* _DIRECTIONS_: Of the material below, the lines to be retyped are those from the line containing "عمارات في Costa" through the line containing "Casa in vendita a Cepagatti, Abruzzo", inclusive; reproduce them exactly.

* _RECORDS SHOWN_:
+++

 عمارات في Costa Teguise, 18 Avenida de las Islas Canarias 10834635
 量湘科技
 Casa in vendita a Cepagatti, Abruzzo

+++

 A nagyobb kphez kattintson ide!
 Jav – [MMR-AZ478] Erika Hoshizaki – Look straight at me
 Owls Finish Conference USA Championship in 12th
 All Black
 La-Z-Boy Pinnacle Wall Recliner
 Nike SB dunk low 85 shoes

+++

* _YOUR SOLUTION_:
 عمارات في Costa Teguise, 18 Avenida de las Islas Canarias 10834635
 量湘科技
 Casa in vendita a Cepagatti, Abruzzo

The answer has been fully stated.